La caída del muro de Berlín en 1989 sorprendió a los filósofos discutiendo las ideas lanzadas 10 años antes por el francés Jean-François Lyotard. Lo que había empezado siendo un “informe sobre el saber” para el Consejo de Universidades de Québec terminó convertido en uno de los libros más influyentes de las últimas décadas: La condición posmoderna. Si resulta enternecedor el modo en que Italo Calvino —calificado a veces de narrador posmoderno— habla del triunfo del software sobre el hardware, sobrecoge la clarividencia de Lyotard: mientras las notas a pie de página se detienen en el auge de la videoconferencia o la posibilidad de que en todas las escuelas hubiera un ordenador (estamos en 1979), el cuerpo del ensayo vaticina que los expertos serán sustituidos por una amalgama de “inventores”, empresarios y líderes religiosos. La “clase política tradicional”, apuntaba el pensador francés, empezaba a ser parte de un pasado que cada vez mandaba (e interesaba) menos. La revolución conservadora de Margaret Thatcher estaba recién instalada en Downing Street y la de Ronald Reagan a punto de hacerlo en la Casa Blanca cuando Lyotard publicó su enmienda contra los conceptos de legitimidad y autoridad, basadas desde antiguo en los “grandes relatos” del conocimiento, la libertad y el progreso.

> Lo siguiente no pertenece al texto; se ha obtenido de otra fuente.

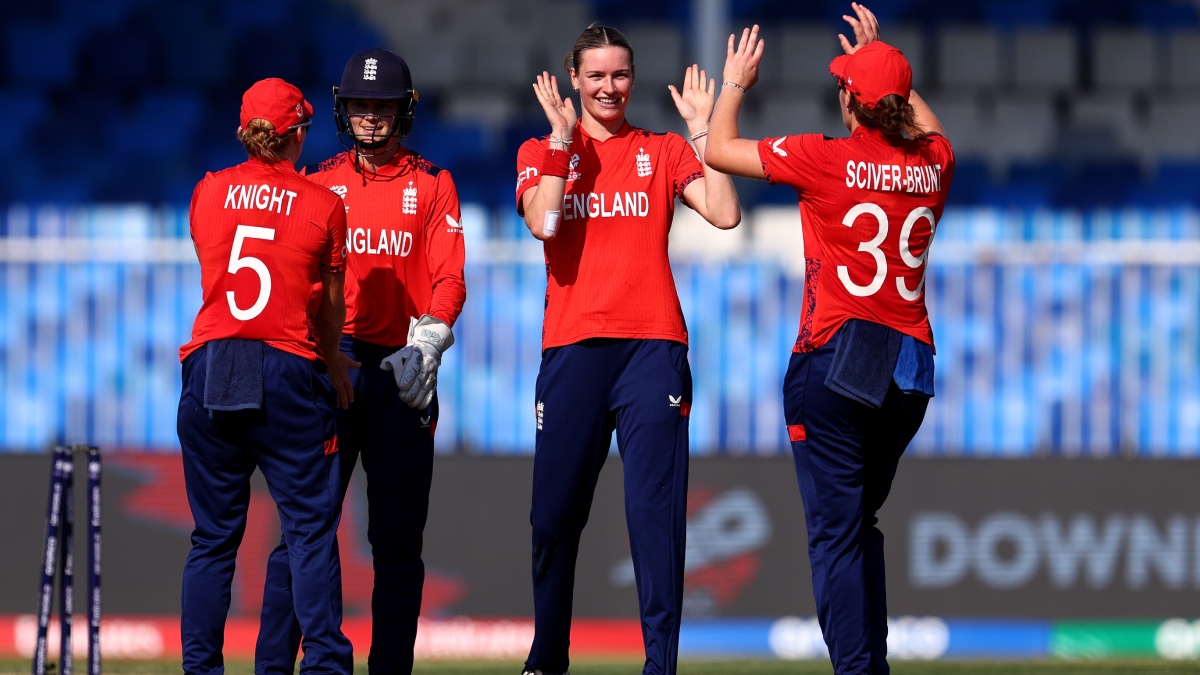 इंग्लैंड को मिला नया कप्तान, तीनों फॉर्मेट में संभालेंगी टीम की कमान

Ni que decir tiene que la cultura “tradicional” no ha escapado a esa lógica deslegitimadora. Incluso alguien tan liberal como Mario Vargas Llosa decretó hace tres años en su apocalíptico ensayo La civilización del espectáculo que habíamos tocado fondo. Si, en 1948, T. S. Eliot —otro ocupante de la Cátedra Norton— temía que llegara un momento del que se diría que “carece de cultura”, Vargas Llosa —que añora los tiempos de Eliot— decretaba que ese momento es el nuestro. Los mejores defensores de las virtudes del mercado son, curiosamente, los primeros en lamentar la mercantilización de la cultura. Tal vez porque las mercancías (materiales o intelectuales) no siempre se comportan igual pero el consumidor sí.

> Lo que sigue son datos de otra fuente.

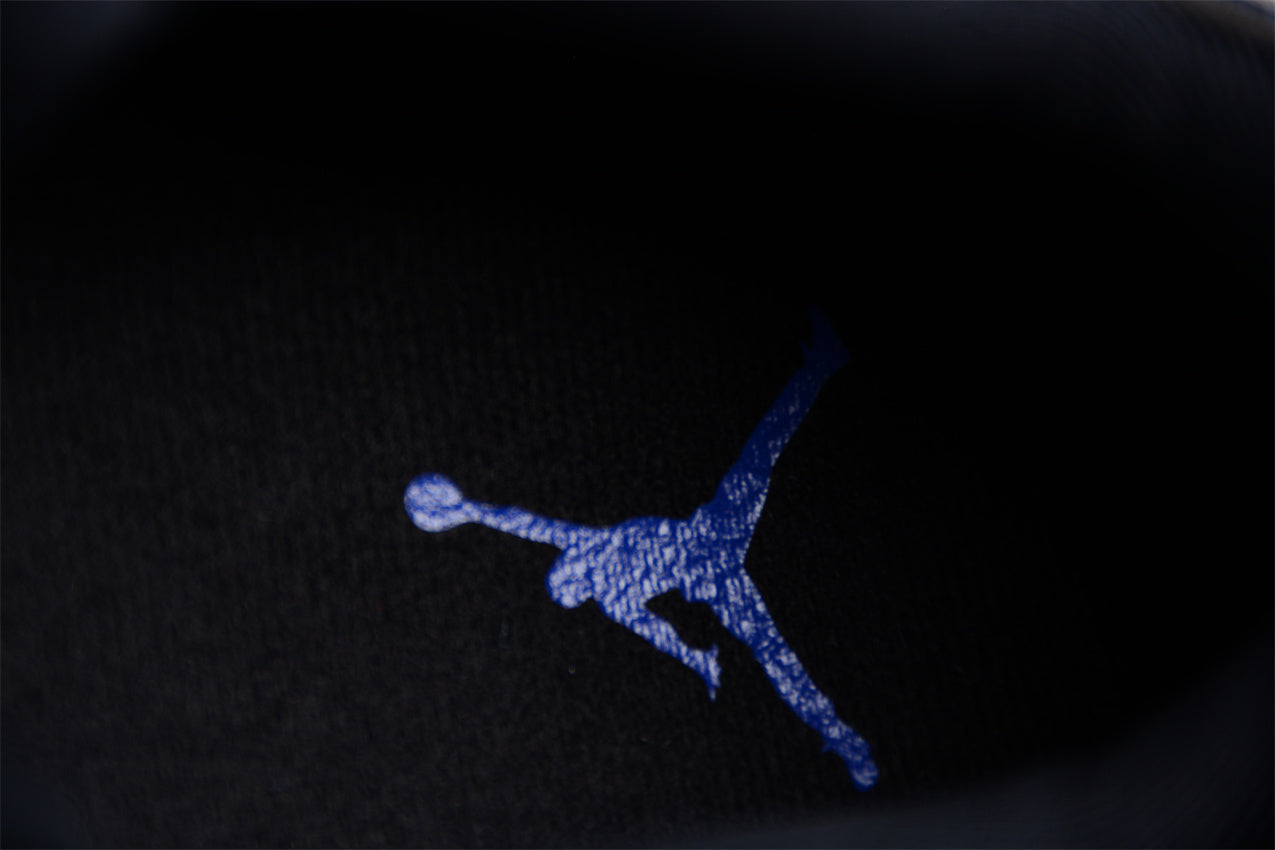 Air Jordan 11 Low "Space Jam" - Best Reps Website 2025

Las dos décadas transcurridas entre la caída del muro de Berlín y la de Lehman Brothers fueron las del triunfo de la levedad. Cultura siempre fue crisis (para Delacroix todo era decadencia desde 1500), pero siempre quedó un margen asociado a las condiciones materiales de la sociedad. Durante siglos se mantuvo la esperanza de que todos seríamos cultos y benéficos al alcanzar un mayor bienestar: igual que las condiciones de vida de la minoría habían ido llegando a la mayoría, sus condiciones “espirituales” seguirían el mismo camino hasta que la alta cultura fuera, sencillamente, la cultura. No ha sido así. Por un lado, la democracia por su naturaleza (y por suerte) juega siempre contra la jerarquía. Por otro, la lógica del mercado aplicada a la educación puede producir rentabilidad pero no necesariamente criterio. Cuando al cliente se le da la razón, la quiere para siempre. Y toda: la pura, la práctica y la del juicio. Al contrario que los grandes almacenes, Kant no acostumbra a devolver el dinero.